-------- Records provided

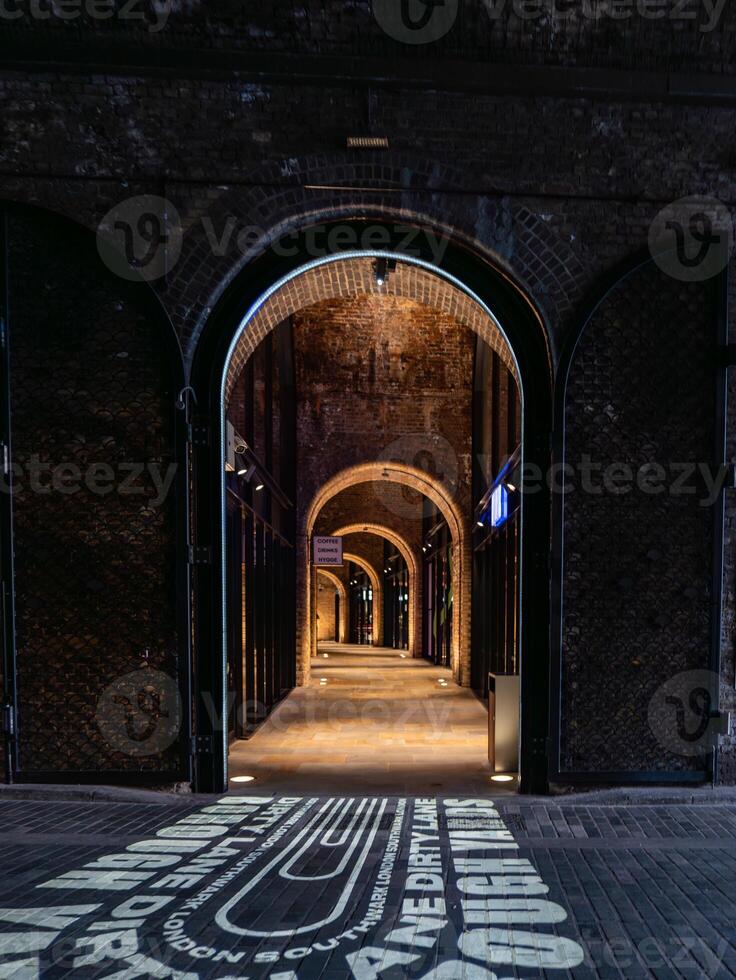 Empty illuminated brick archway walkway leading to shops photo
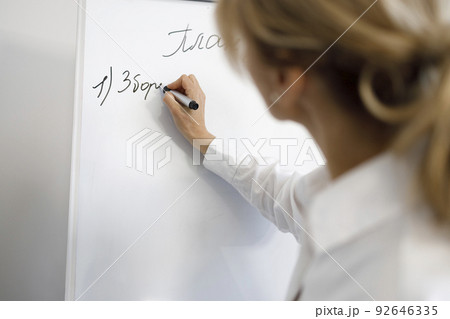 Business woman or teacher writing on a white magnetic flipchart Business woman or teacher writing on a white magnetic flipchart 92646335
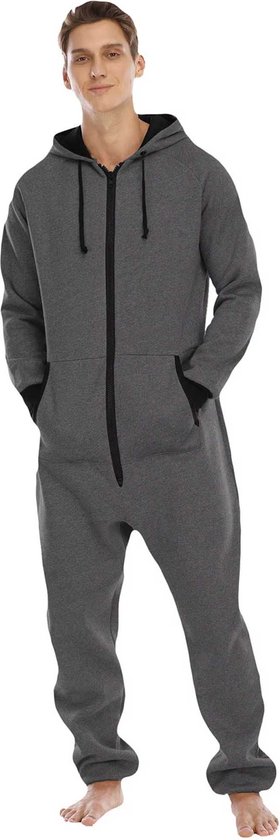 Man in een grijze onesie met capuchon en zwarte rits. Casual staand met handen in de zakken.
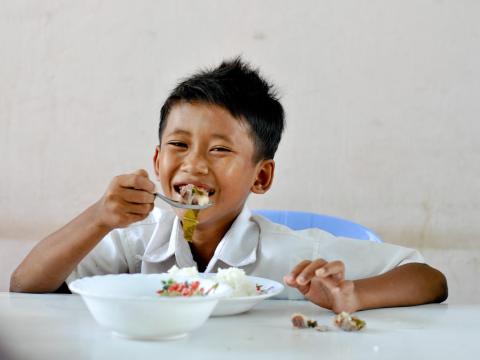 A child having a meal at school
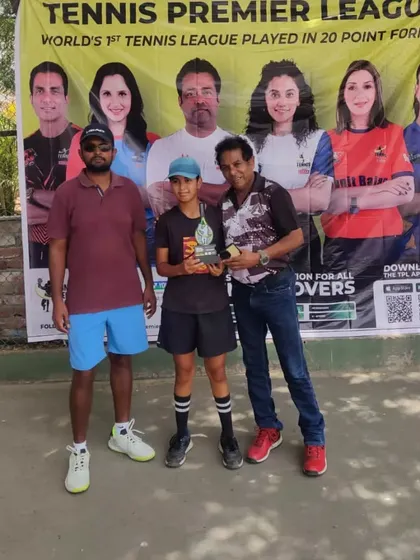 Another champion from our TPL-ITA tournament proudly displays his trophy. We focus on creating a positive and celebratory atmosphere to conclude every competition we host.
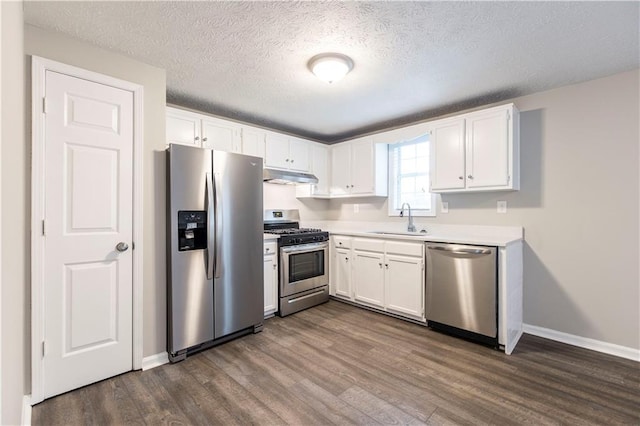 kitchen with dark wood-style flooring, a sink, stainless steel appliances, under cabinet range hood, and white cabinetry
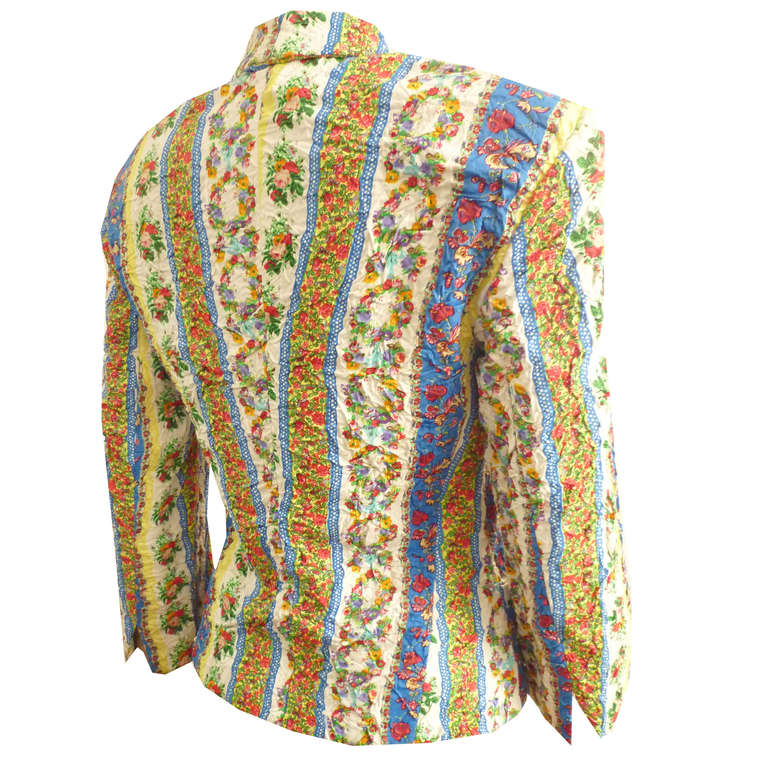 Gianni Versace floral print punk jacket from the Spring/Summer 1994 Versus collection. The jacket is permanently creased to enhance the punk inspired look. The double-breasted jacket is secured to the front by a series of metal painted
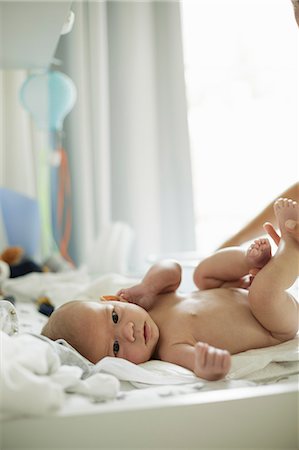 simsearch:649-06830000,k - Naked baby boy lying on changing mat kicking his legs Stock Photo - Premium Royalty-Free, Code: 649-08703488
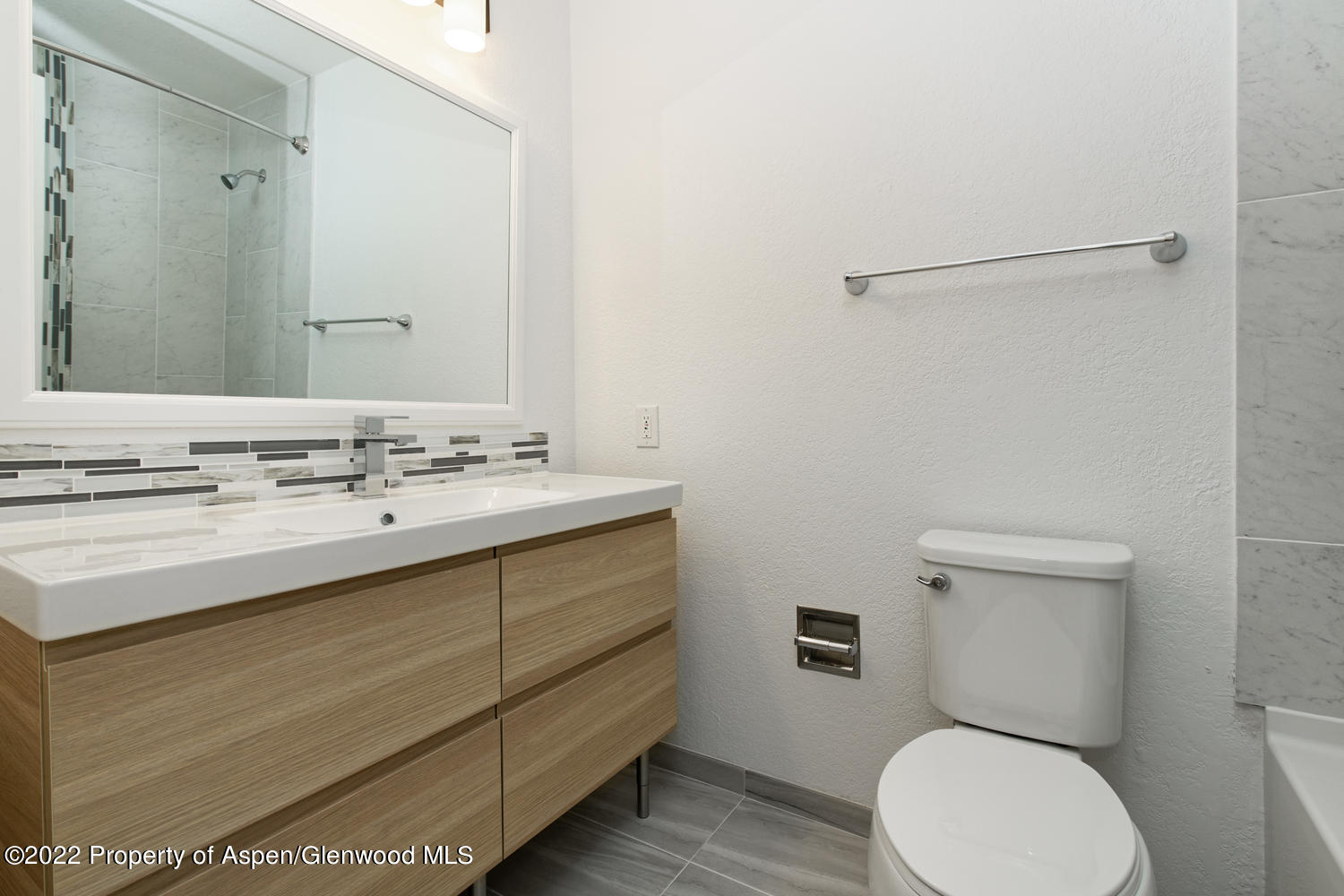 19 Pine Ridge Road Basalt, CO 81621 - Photo 16 of 16 a bathroom with a sink a toilet and mirror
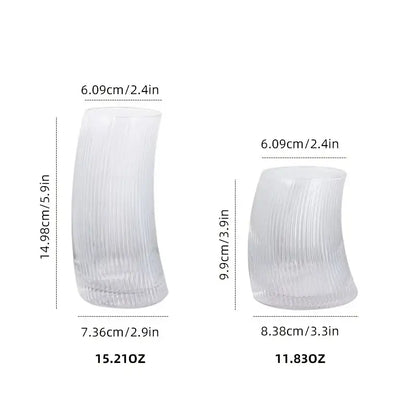 Clear glass cups with vertical ribbed texture and elegant curved sail-shaped design perfect as decorbites sail-shaped glass tumblers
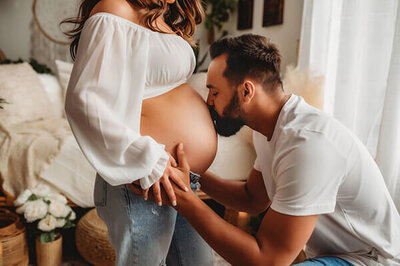 Expectant parents pose for Maternity Photoshoot in Asheville Photo Studio.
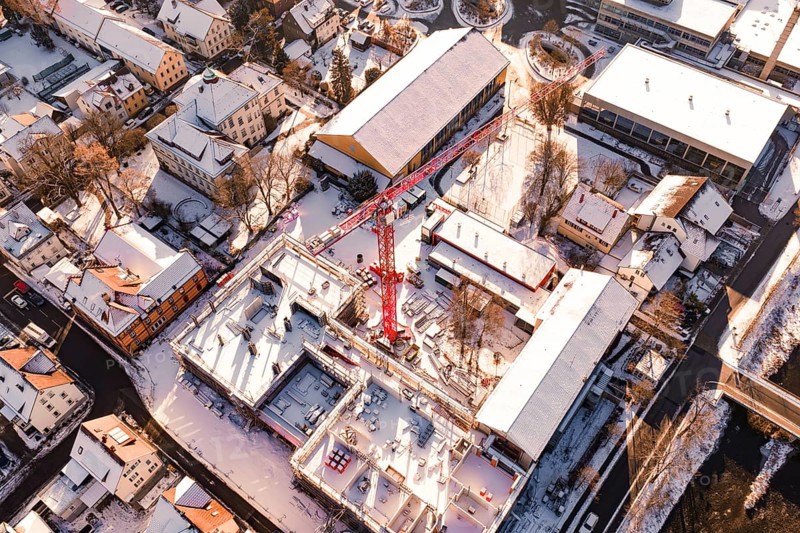 Bird's eye view of snow-covered city with construction crane and surrounding buildings in warm sunlight, Neubau Zellerschule, Nagold, Black Forest, Germany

----------------

Task:
Beginning with the line that contains "Gianni Versace floral" and ending with the last line of the data, transcribe each line exactly; pictures stay out.

Response box:
 Gianni Versace floral print punk jacket from the Spring/Summer 1994 Versus collection. The jacket is permanently creased to enhance the punk inspired look. The double-breasted jacket is secured to the front by a series of metal painted
 simsearch:649-06830000,k - Naked baby boy lying on changing mat kicking his legs Stock Photo - Premium Royalty-Free, Code: 649-08703488
 19 Pine Ridge Road Basalt, CO 81621 - Photo 16 of 16 a bathroom with a sink a toilet and mirror
 Clear glass cups with vertical ribbed texture and elegant curved sail-shaped design perfect as decorbites sail-shaped glass tumblers
 Expectant parents pose for Maternity Photoshoot in Asheville Photo Studio.
 Bird's eye view of snow-covered city with construction crane and surrounding buildings in warm sunlight, Neubau Zellerschule, Nagold, Black Forest, Germany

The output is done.